__How to complete this task__
Find the line with "Argos Prestige Raid Clear" in the records below. Copy it and every line after it, up to and including the line with "Jikalau Kau Cinta".

━━━━━ Exercise input

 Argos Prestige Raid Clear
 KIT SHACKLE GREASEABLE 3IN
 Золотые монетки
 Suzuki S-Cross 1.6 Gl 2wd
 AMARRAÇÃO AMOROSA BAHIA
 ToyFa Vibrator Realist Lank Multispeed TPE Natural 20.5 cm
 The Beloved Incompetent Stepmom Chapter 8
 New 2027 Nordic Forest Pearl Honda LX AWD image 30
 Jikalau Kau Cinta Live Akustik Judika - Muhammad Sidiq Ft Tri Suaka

━━━━━━━━━━
━━━━━ Exercise input

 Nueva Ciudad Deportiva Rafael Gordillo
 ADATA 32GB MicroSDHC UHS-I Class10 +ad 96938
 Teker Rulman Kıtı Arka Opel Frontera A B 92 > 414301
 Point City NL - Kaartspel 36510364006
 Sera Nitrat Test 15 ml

━━━━━━━━━━

__Answer section__
 Argos Prestige Raid Clear
 KIT SHACKLE GREASEABLE 3IN
 Золотые монетки
 Suzuki S-Cross 1.6 Gl 2wd
 AMARRAÇÃO AMOROSA BAHIA
 ToyFa Vibrator Realist Lank Multispeed TPE Natural 20.5 cm
 The Beloved Incompetent Stepmom Chapter 8
 New 2027 Nordic Forest Pearl Honda LX AWD image 30
 Jikalau Kau Cinta Live Akustik Judika - Muhammad Sidiq Ft Tri Suaka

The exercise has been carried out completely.